Just as we were examining these symbols of sake brewers, a lady popped out of her souvenir shop and began to offer us rice crackers for free! While we were in her shop having a look around, I spotted this model of one of the float festivals which is famous in the Hida area.
After a bit of chit chat with the shop's owner we finally headed over to the restaurant where we would be having the party.
The restaurant we were eating in that night was a proper old-style traditional dining arrangement; with low tables, shoji screen doors, and tatami matting to sit down on. We were a mixture of foreign visitors and locals and right from the opening speech of the night the conversation flowed smoothly. At first, we were assigned seats randomly upon arrival - and we were supposed to sit at our assigned seats. However, one of the Hida traditions we learnt that night was that part way through the meal, the most senior member would lead a song (which people would follow), and after the song was over we were free to move around and sit wherever we liked.
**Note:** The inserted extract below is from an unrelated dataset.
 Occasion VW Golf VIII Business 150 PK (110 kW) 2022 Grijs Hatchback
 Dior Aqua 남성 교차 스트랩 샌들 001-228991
We all chatted and got to know one another while munching on the local specialties of the region including hidagyu (Hida beef) and hoba miso - a local style of miso made with a ho leaf and also my first time to try kanboshi daikon which is a kind of dried radish made by hanging it outside in the colder months. The daikon radish is repeatedly dried and frozen by the natural elements, creating an extremely distinctive taste. Of course, we washed down our local food with some tasty local sake!
We would need all our strength for the bike ride tomorrow!